*** Opening EXERCISE INPUTS ***

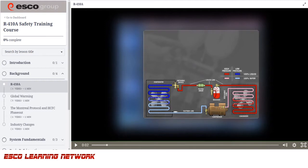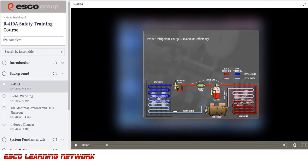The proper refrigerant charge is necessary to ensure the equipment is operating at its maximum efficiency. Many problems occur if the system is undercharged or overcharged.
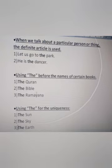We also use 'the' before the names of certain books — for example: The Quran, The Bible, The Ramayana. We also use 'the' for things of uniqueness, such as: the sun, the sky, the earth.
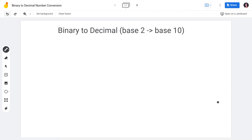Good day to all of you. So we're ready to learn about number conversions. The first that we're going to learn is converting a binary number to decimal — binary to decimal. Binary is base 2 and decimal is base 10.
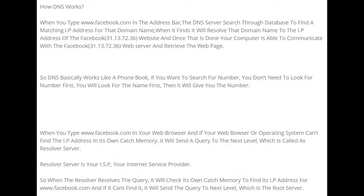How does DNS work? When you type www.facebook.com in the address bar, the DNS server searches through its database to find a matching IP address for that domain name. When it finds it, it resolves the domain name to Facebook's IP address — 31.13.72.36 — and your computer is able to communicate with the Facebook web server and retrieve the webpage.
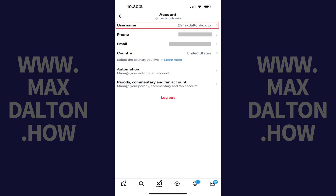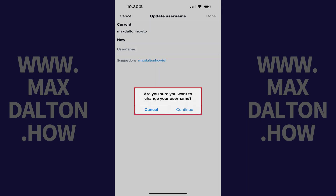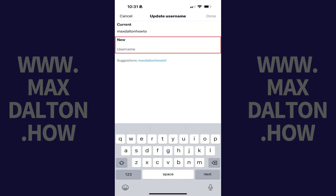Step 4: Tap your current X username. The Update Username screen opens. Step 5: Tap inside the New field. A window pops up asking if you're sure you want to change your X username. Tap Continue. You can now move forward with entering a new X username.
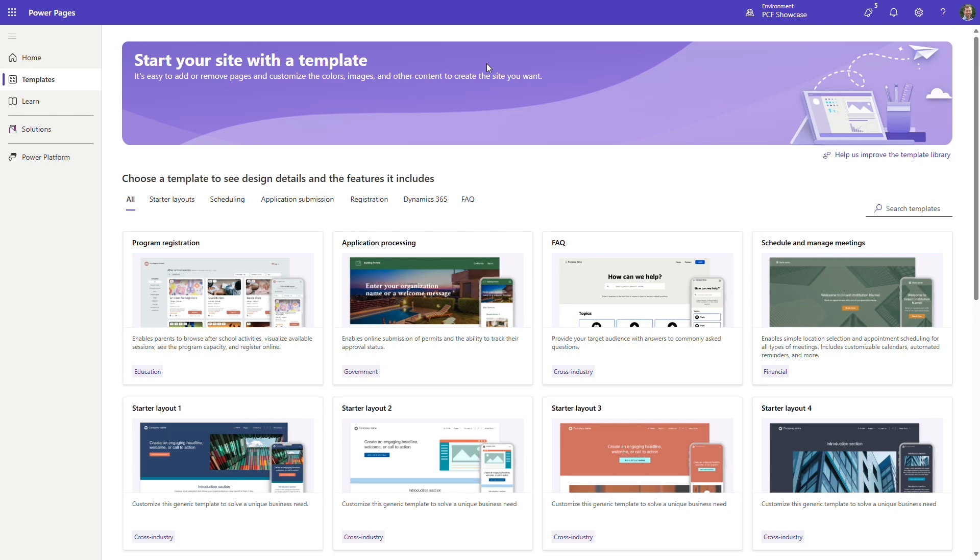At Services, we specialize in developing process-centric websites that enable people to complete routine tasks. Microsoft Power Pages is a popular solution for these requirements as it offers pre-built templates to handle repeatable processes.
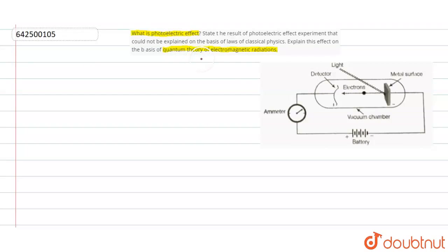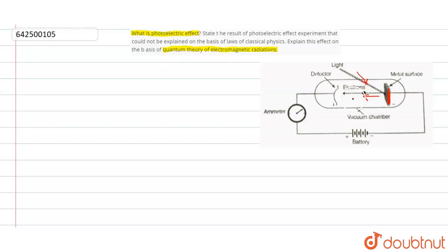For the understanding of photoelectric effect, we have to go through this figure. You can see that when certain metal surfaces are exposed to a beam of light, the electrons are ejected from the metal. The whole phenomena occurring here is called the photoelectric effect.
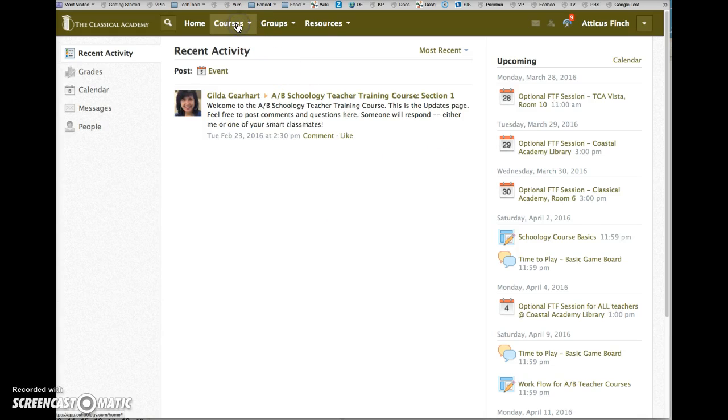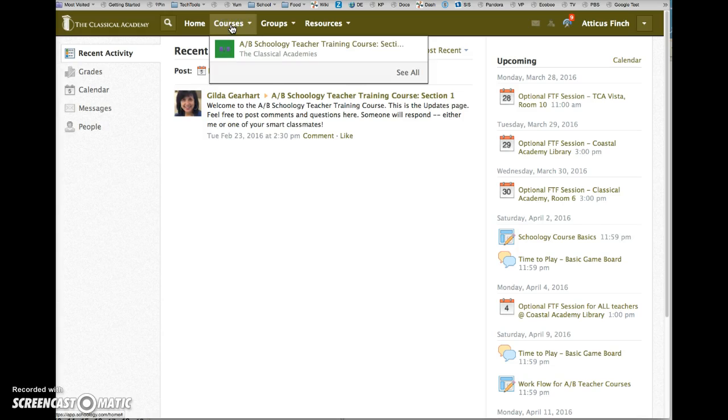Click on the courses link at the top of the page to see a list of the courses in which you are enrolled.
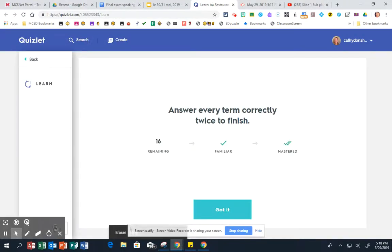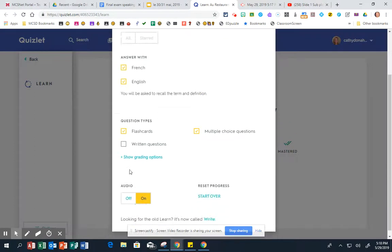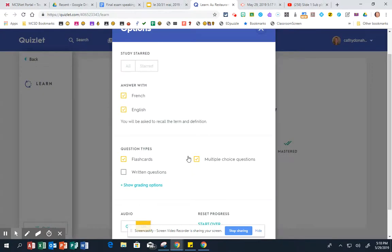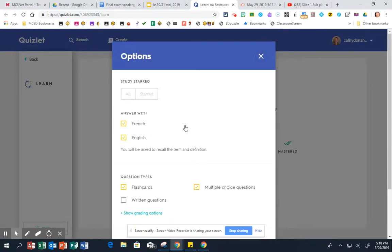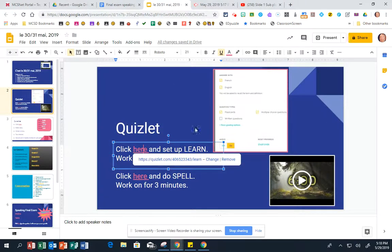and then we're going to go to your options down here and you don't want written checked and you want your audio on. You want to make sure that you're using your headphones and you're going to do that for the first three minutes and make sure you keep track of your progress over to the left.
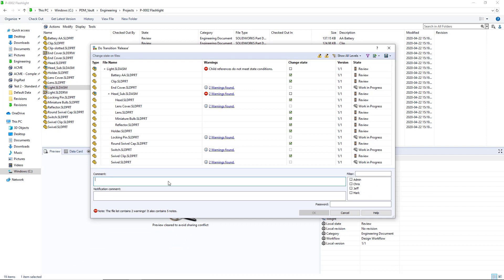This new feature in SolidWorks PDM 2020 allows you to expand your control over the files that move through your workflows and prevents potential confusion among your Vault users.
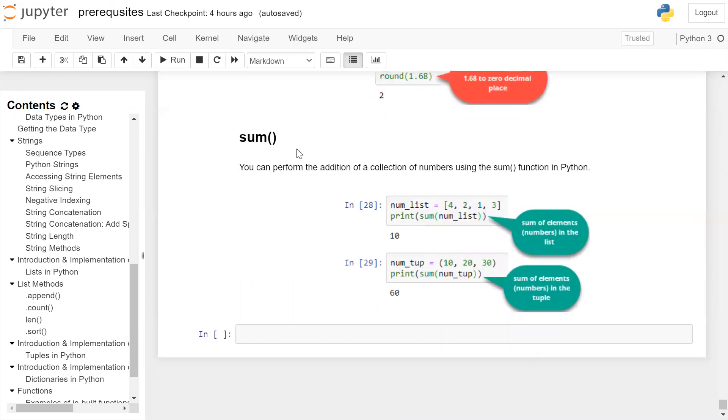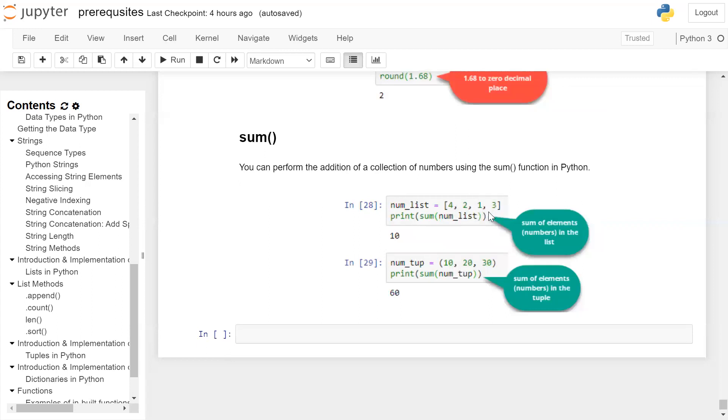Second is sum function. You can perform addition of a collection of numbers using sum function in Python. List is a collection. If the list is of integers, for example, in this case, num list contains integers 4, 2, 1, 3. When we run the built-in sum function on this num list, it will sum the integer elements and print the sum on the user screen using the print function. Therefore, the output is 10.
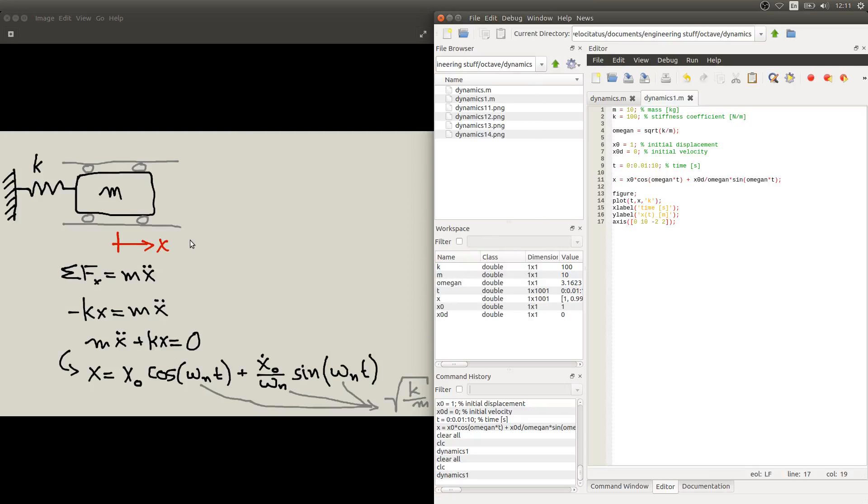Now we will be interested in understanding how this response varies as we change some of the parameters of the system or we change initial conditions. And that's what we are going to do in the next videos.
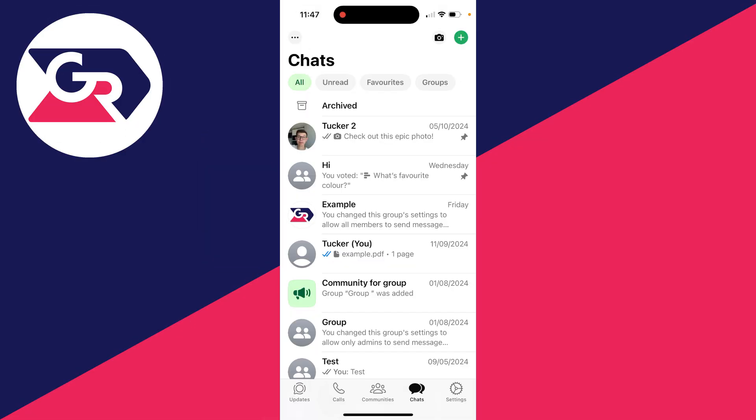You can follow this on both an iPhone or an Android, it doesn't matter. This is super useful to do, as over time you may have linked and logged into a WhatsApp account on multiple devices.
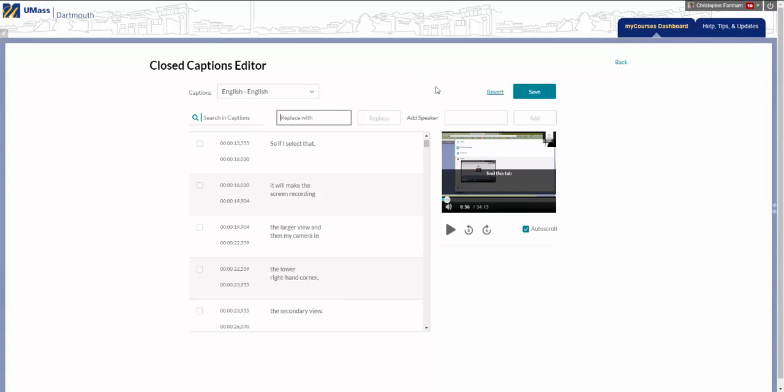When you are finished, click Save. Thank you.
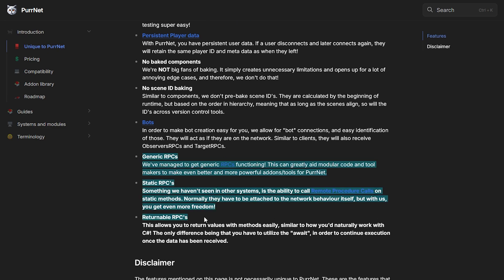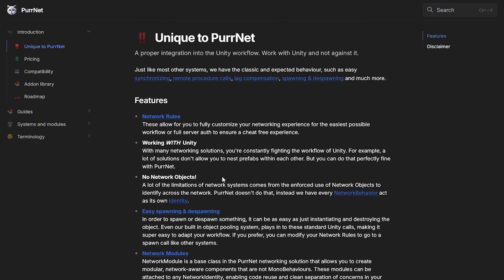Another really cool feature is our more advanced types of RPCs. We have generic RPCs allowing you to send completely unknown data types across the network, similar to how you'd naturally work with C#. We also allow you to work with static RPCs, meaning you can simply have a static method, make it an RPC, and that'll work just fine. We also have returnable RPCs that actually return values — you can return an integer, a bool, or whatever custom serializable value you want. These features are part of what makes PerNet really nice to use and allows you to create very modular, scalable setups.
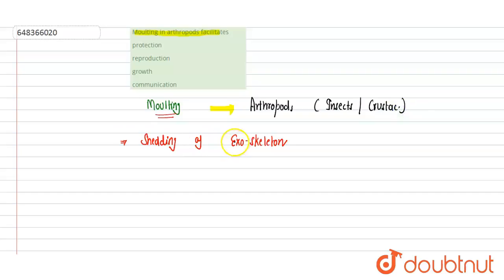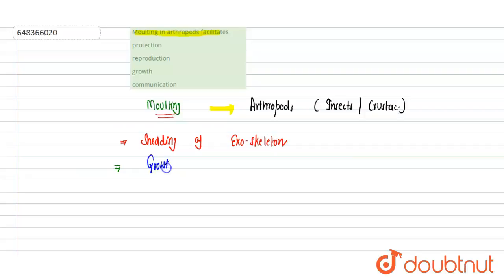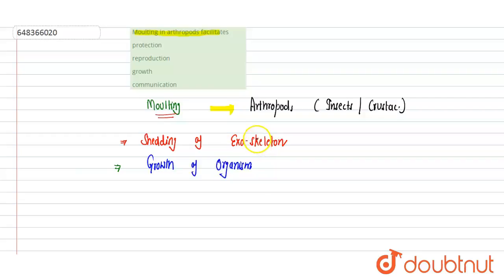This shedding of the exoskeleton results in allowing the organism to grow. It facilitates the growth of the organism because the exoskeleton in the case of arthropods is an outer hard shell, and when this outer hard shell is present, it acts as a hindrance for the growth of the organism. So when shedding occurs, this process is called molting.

*** Closing EXERCISE INPUTS ***

#### TASK PROMPT
All lines above starting at the one with "Good day to" and ending at the one with "This new feature", inclusive, are to be printed again exactly, with the pictures left out.

#### PROBLEM SOLUTION
Good day to all of you. So we're ready to learn about number conversions. The first that we're going to learn is converting a binary number to decimal — binary to decimal. Binary is base 2 and decimal is base 10.
How does DNS work? When you type www.facebook.com in the address bar, the DNS server searches through its database to find a matching IP address for that domain name. When it finds it, it resolves the domain name to Facebook's IP address — 31.13.72.36 — and your computer is able to communicate with the Facebook web server and retrieve the webpage.
Step 4: Tap your current X username. The Update Username screen opens. Step 5: Tap inside the New field. A window pops up asking if you're sure you want to change your X username. Tap Continue. You can now move forward with entering a new X username.
At Services, we specialize in developing process-centric websites that enable people to complete routine tasks. Microsoft Power Pages is a popular solution for these requirements as it offers pre-built templates to handle repeatable processes.
For the understanding of photoelectric effect, we have to go through this figure. You can see that when certain metal surfaces are exposed to a beam of light, the electrons are ejected from the metal. The whole phenomena occurring here is called the photoelectric effect.
Click on the courses link at the top of the page to see a list of the courses in which you are enrolled.
and then we're going to go to your options down here and you don't want written checked and you want your audio on. You want to make sure that you're using your headphones and you're going to do that for the first three minutes and make sure you keep track of your progress over to the left.
This new feature in SolidWorks PDM 2020 allows you to expand your control over the files that move through your workflows and prevents potential confusion among your Vault users.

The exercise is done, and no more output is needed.